_Exercise data_.
------------------------------

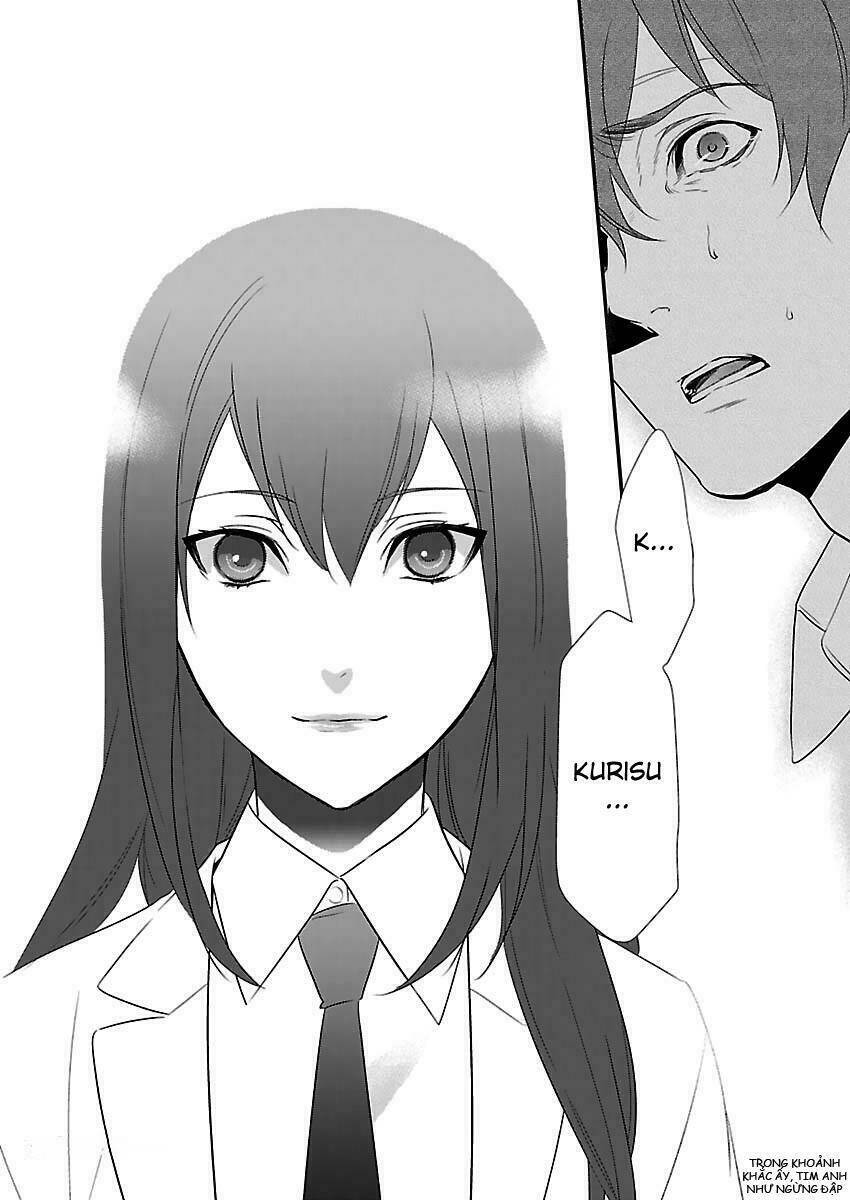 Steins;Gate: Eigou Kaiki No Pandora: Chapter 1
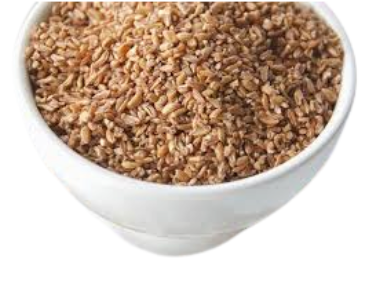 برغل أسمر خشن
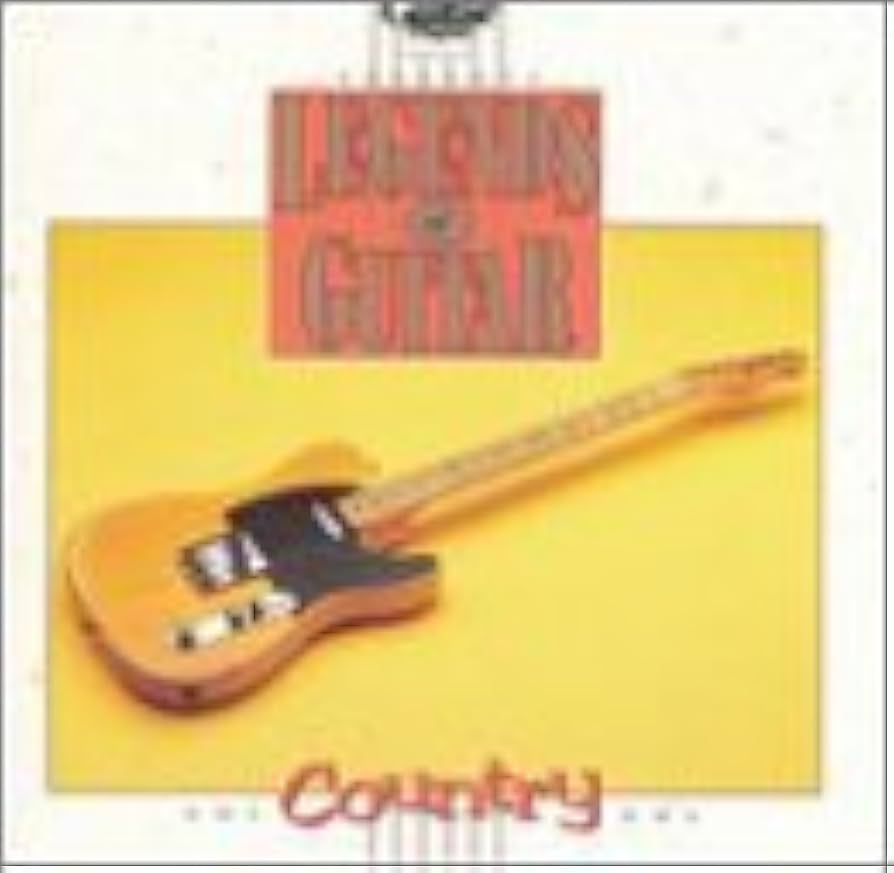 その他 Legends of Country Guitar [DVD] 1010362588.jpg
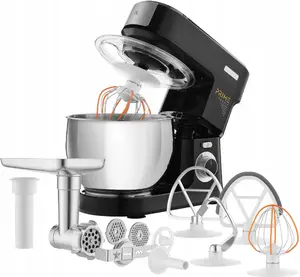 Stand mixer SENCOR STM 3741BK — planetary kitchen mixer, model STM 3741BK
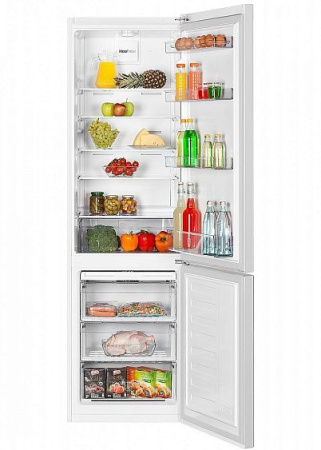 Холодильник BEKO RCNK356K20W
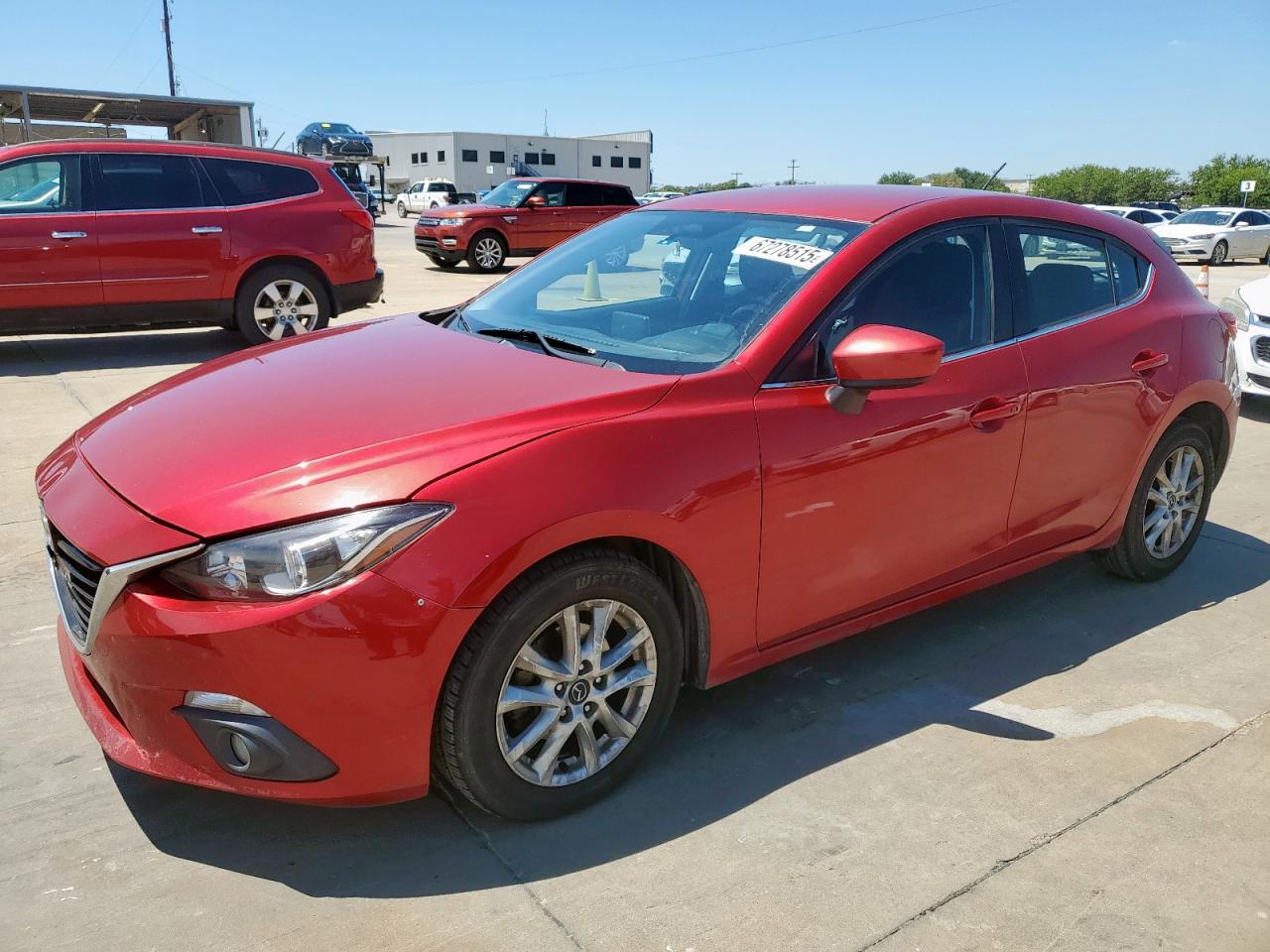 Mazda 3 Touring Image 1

------------------------------

_What is being asked_. Retyping is limited to the line with "Холодильник BEKO RCNK356K20W" and the lines after it in the material above; give them exactly and leave out the pictures.

_Solution to the exercise_.
 Холодильник BEKO RCNK356K20W
 Mazda 3 Touring Image 1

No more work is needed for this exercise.